Ok, I ordered a programmer. Soon I might be able to see what the problem is.
Here is the one I ordered. I hope its the right one:
Curtis 1313-4431 Programmer


----------



## Ivansgarage (Sep 3, 2011)

You sure the throttle is wired correctly. Are j1-15 and j1-18 reversed?

Checked my dyno controller this morning, I don't have J1-15 even hooked up?

So J1-16 J1-18 NO Throttle low ohms, full throttle 5K ohms


----------



## steveolyo (Jan 13, 2017)

I have 16 to the throttle wiper and 15 to throttle high and 18 to throttle low.


----------



## steveolyo (Jan 13, 2017)

Ok, I now have a handheld programmer. 
Here are the values for the throttle. Do these look right?


----------



## Ivansgarage (Sep 3, 2011)

steveolyo said:


> Ok, I now have a handheld programmer.
> Here are the values for the throttle. Do these look right?


*Yep two problems I see*

You have throttle type 2 selected BUT you are using a three wire throttle
*should be type 3*.

HPD SRO should be 0
-HPD/SRO- set to 0...Disabled, not used for road vehicles...yet


----------



## steveolyo (Jan 13, 2017)

Thanks for the help. I made the change to the throttle type and HPD SRO set to 0.
Great! No more errors.
But the motor still won't respond. More testing finds the contactor is not contacting. It's a 72 volt Tyco. 
Then I find that the Driver 1 and coil return are at 94V, I think I blew the coil because it should be at 72 Volts. Is that correct thinking? Also the coil on the tyco contactor shows that it is open, so it probably has been blown.

I further tried to get the Driver 1 and coil return to drive a lower voltage by programming the Driver-> Contactor Pull In Voltage to 70% but I get no change as indicated by my volt meter (still shows 94V). Is that not how it should work? 

Maybe my 1238 is bad. 

Any help or ideas would be great. I posted my schematic earlier, is there a better way to wire the 1238?

Thanks


----------



## mizlplix (May 1, 2011)

Everyone installs their own VCL. Very few leave all options open and changeable. They seem to favor their own equipment and freeze settings to fit their equipment.

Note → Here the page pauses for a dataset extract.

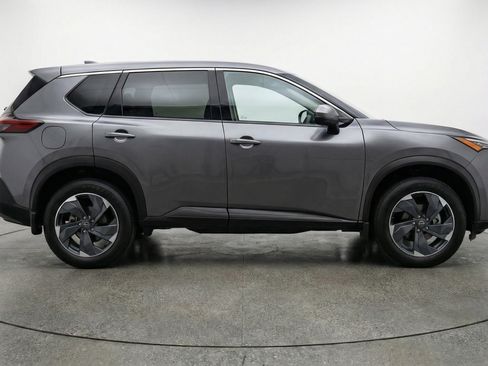 Used 2025 Nissan Rogue SV image 11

Advice: buy correct contactor. 

My VCL is open. I can set anything . My contactor is 24VDC. I set 32VDC pull in and 23VDC hold. Three years now and working well.


----------



## steveolyo (Jan 13, 2017)

What contactor do you recommend? Also how do I learn the VCL programming?


----------



## Ivansgarage (Sep 3, 2011)

Tyco EV200 Contactor 500AMP 320V 12V or 24V coil Might find it cheaper some place else * NO on the coil optimizer*

http://www.evwest.com/catalog/product_info.php?manufacturers_id=8&products_id=102

http://www.electricmotorsport.com/te-tyco-kilovac-lev200-24v-500a-sealed-contactor.html


Mizlplix did not mean everybody does their own vcl ONLY people OEMs that are making equipment or motors.
Curtis has a training program if you buy 100,000 dollars worth of controllers.


--


----------



## mizlplix (May 1, 2011)

The contactor you had was the most common one. 24VDC coil
But you need to check the coil pull in and hold voltage. 28 pull in 23 hold.

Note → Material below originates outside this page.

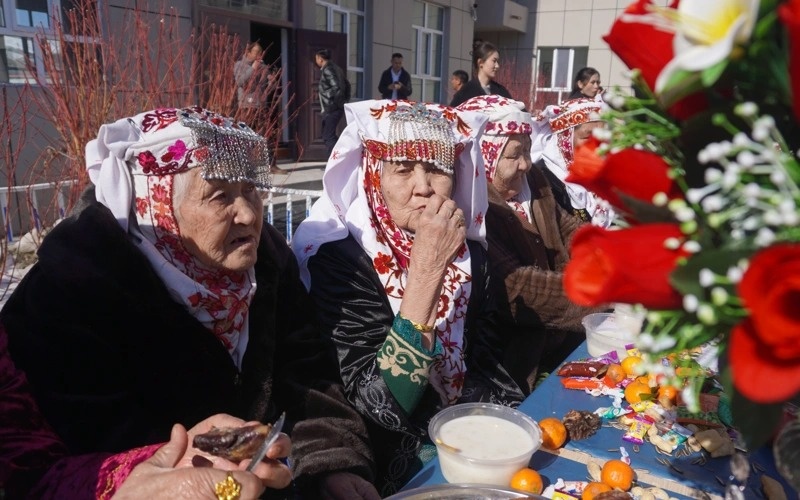 Как казахи отмечают Наурыз в Китае Женщины в Китае за столом на Наурыз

If your encoder is on the end opposite your drive coupler, the encoder needs set to "reverse" to work correctly. If it was on the coupler end it would be set to straight,

No, us mere mortals usually do not modify the VCL. It is on an EPROM. So you can not even get a copy to look at and modify.


----------



## steveolyo (Jan 13, 2017)

Ok, finally I found the problem.

I thought I had a contactor problem because of infinite ohm reading on my multimeter. 

As a last ditch check, I cut the connectors off of the relay coil and checked the resistance there. Joy! The reading was around 350 ohms. 

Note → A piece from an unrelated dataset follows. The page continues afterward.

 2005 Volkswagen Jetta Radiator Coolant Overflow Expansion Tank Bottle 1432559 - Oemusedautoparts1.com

So the connectors that came with the coil had a bad connection. I replaced the connectors and the contactor started to work properly and for the first time in two years, the motor turned. Awesome! Yes I've been working on this for two years.

I did learn that the controller output on pins 6 and 13 measure max voltage without any load. In my case 93 volts. Once I had the contactor coil load connector, then the voltage tracked the hold % that I had programmed.

Now I need to work on lights and other 12V wiring functions, but soon I hope to be on the road.

Thanks for the help


----------